▶ [Work task]: Set down the whole listing below exactly. The pictures stay out.

▶ [Data shown]:
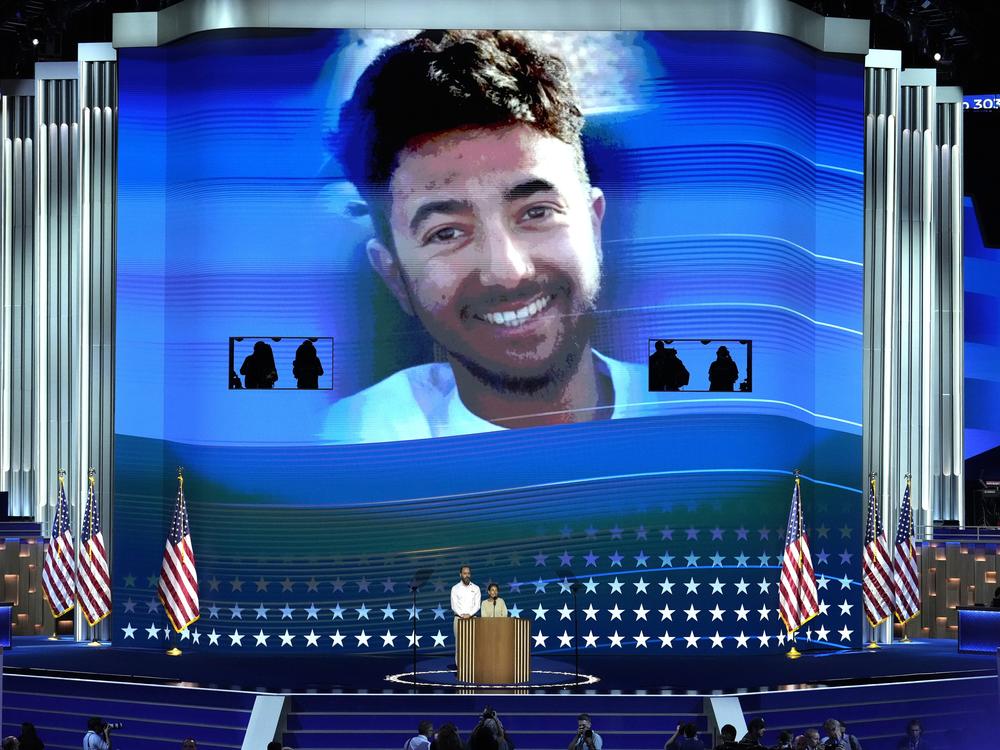 Jon Polin, left, and Rachel Goldberg, parents of Hersh Goldberg-Polin, pictured on screen speak during the Democratic National Convention on Aug. 21, 2024, in Chicago.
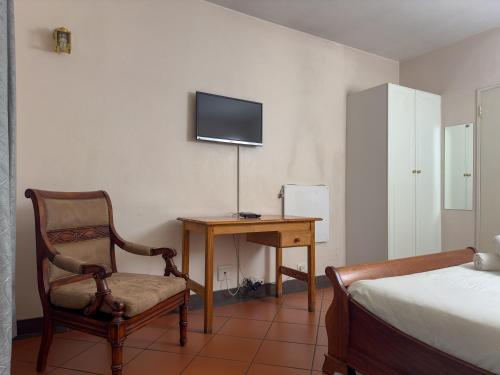 a bedroom with a chair and a desk with a television at Park Gables Loftus Guest House in Pretoria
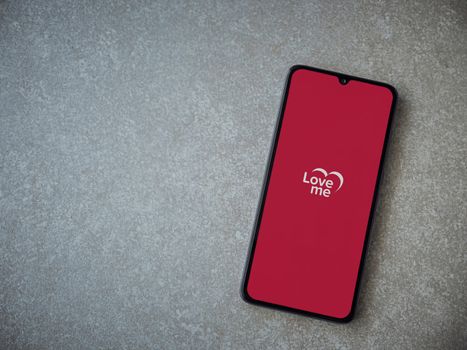 Lod, Israel - July 8, 2020: Loveme app launch screen with logo on the display of a black mobile smartphone on ceramic stone background. Top view flat lay with copy space.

▶ [Solution]:
 Jon Polin, left, and Rachel Goldberg, parents of Hersh Goldberg-Polin, pictured on screen speak during the Democratic National Convention on Aug. 21, 2024, in Chicago.
 a bedroom with a chair and a desk with a television at Park Gables Loftus Guest House in Pretoria
 Lod, Israel - July 8, 2020: Loveme app launch screen with logo on the display of a black mobile smartphone on ceramic stone background. Top view flat lay with copy space.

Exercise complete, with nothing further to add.